Jarrod Saltalamacchia had a broken-bat two-run homer and Carl Crawford had a solo homer, double and scored two runs for Boston, which was coming off a 20-6 record in July — its first 20-win month since May 2007.

Bard's streak was the longest active in the majors. It was the first run he allowed after 25 scoreless appearances.

After Kipnis singled leading off the eighth, Cabrera hit a fly ball down the right field line that hooked around the Pesky Pole and caromed off what looked like the top of the wall to outfielder Josh Reddick. Replays appeared to show the ball hitting beyond the padding on the top of the approximately 5-foot wall and bouncing back into play.

It was ruled a homer, which broke a 5-all tie.

"I've had a little bit of luck to get to this point. It went longer than I thought it would," Bard said. "That's baseball. It all comes back around. There's things you can control and things you can't. I probably shouldn't have made that pitch."

Rafael Perez (4-1) pitched one inning of scoreless relief for the win.

The Indians started a seven-game road trip against division leaders. After four against the AL East-leading Red Sox, they are scheduled to play three in Texas against the West-leading Rangers this weekend.

After the Indians had grabbed a 5-3 lead in the sixth, Saltalamacchia hit his improbable two-run homer off starter Josh Tomlin in the bottom half. With the end of his bat flying down the first-base line, the ball carried into the seats in right. Indians first baseman LaPorta appeared to be staring into the Red Sox dugout in disbelief as Saltalamacchia rounded the bases.

Trailing 3-2 in the sixth, Cleveland grabbed the lead on the consecutive homers by Cabrera and Hafner against starter John Lackey.
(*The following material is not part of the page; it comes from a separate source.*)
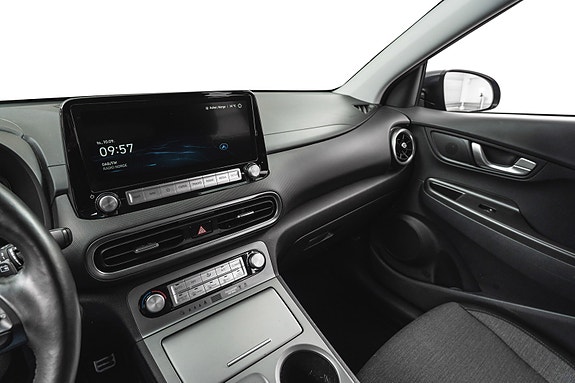 Hyundai Kona 14 of 23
Cabrera hit his into the deepest part of Fenway Park's right field, a drive that carried into the first row of seats over a short wall for his 18th of the season after Kipnis doubled. Hafner then belted his 10th into Boston's bullpen.

Lackey, who had won his last four starts for his best stretch of the season, gave up five runs and eight hits, struck out five and didn't walk anyone in 6 2-3 innings.

Boston took a 3-1 lead by scoring a run in the second and two in the third.

Kosuke Fukudome's RBI single made it 3-2.

Marco Scutaro, who left the game with what the club called dizziness in the fourth inning, made it 1-0 with an RBI single.

Michael Brantley's RBI double tied it in the third.

The Red Sox added two in third on Kevin Youkilis' RBI triple off the center-field wall and Crawford's homer.

Tomlin allowed five runs and 10 hits in six innings.

NOTES: Indians manager Manny Acta said RF Shin-Soo Choo, out since late June with a broken left thumb, will likely take BP on the field later this week. Acta would not talk about any rehab dates yet. "He's got a couple of steps before that," Acta said. Choo was Cleveland's top hitter the past two seasons. ... Boston utility INF Jed Lowrie, on the 15-day DL since June 17 with a strained left shoulder, started a rehab assignment with Triple-A Pawtucket on Monday. He went 0-for-2. ... Acta held a brief team meeting before the game. "We have a lot of kids that have never been here, a different ballpark, just for them to really take advantage of it with extra batting practice and all that," he said. "Just let the guys know that this is fun, a couple of games out and two months to go. In a way I needed to let them know we're still in it, but we needed to get back to what got us to where we're at." ... It was the fifth time this season the Indians hit consecutive homers.